Levins avait déjà quitté le groupe. Nike l’a dissous. Il est retourné voir son ancien coach en Utah, et a repris les techniques d’entraînement qui lui avaient rapporté, notamment un volume d’entraînement gargantuesque.

« Je ne compte qu’en temps, maintenant, mais ça doit faire environ 170, 180 miles par semaine… » C’est-à-dire jusqu’à 290 km.

Il est devenu marathonien en pleine révolution des « super souliers », lancée par Nike, avec la mousse et la plaque de carbone qui donnent un retour d’énergie. « Je ne peux pas dire combien de minutes ou de secondes on gagne, je n’ai connu que ces souliers. Mais ça va plus vite. Ça n’enlève rien à Jerome Drayton. La bonne nouvelle, c’est qu’il n’y a plus d’avantage concurrentiel, la compétition s’est ajustée, alors qu’au départ, c’était Nike et le reste derrière », dit celui qui est passé chez Hoka, et maintenant chez Asics.

« Ce que j’ai changé surtout, c’est la musculation. »

Il explique à quel point les techniques d’analyse de la course ont évolué. On peut décortiquer tous les mouvements de l’athlète, voir quel côté compense pour l’autre, et ajuster le programme de musculation en conséquence.

« Je ne vois pas de différence par rapport à mes 25 ans. En fait, je me sens bien mieux. Et je continue de m’améliorer, alors je ne vois pas pourquoi j’arrêterais. »

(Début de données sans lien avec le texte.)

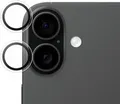 PanzerGlass SAFE. Camera Lens Protector transparent iPhone 17/16/16 Plus (SA30618)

Levins avait annoncé à l’avance qu’il était dans une forme pour accomplir « quelque chose de spécial », le 4 mars à Tokyo. Mais il m’avait dit la même chose avant les Jeux olympiques, en 2021. Il avait terminé 71e, de peine et de misère, dans la moiteur de Sapporo.

Cette fois, il a tenu parole.

Les organisateurs du marathon de Tokyo avaient mandaté les lièvres (donneurs d’allure) pour courir à 2 h 4 min 30 s, dans le but qu’un coureur japonais batte le record national (2 h 4 min 56 s).

« On a passé le demi-marathon à 62 minutes 11, c’était une allure décente. Mais quand les lièvres ont décroché, au 30km, on a levé le pied et c’est devenu tactique.

« Je ne regardais vraiment pas qui est autour, dit-il. Rendu là, je veux seulement gagner, je me fous de qui sont ces gars ou de ce qu’ils ont fait avant. »

Et en avant, il y a Budapest, en août.

« Honnêtement, je veux une médaille des Championnats du monde, pour moi et pour le Canada », dit celui qui n’est manifestement pas comblé par sa quatrième place d’Eugene.

Et il se fout bien de savoir qui il faudra tasser pour y arriver.